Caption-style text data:
---
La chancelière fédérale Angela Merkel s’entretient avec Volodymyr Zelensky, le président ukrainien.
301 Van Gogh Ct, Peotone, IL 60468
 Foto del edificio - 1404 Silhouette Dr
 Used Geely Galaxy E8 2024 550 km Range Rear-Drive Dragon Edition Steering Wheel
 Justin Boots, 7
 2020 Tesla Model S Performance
---
What you are asked to do =>
Above are the entries; give them back verbatim.

Problem solution =>
La chancelière fédérale Angela Merkel s’entretient avec Volodymyr Zelensky, le président ukrainien.
301 Van Gogh Ct, Peotone, IL 60468
 Foto del edificio - 1404 Silhouette Dr
 Used Geely Galaxy E8 2024 550 km Range Rear-Drive Dragon Edition Steering Wheel
 Justin Boots, 7
 2020 Tesla Model S Performance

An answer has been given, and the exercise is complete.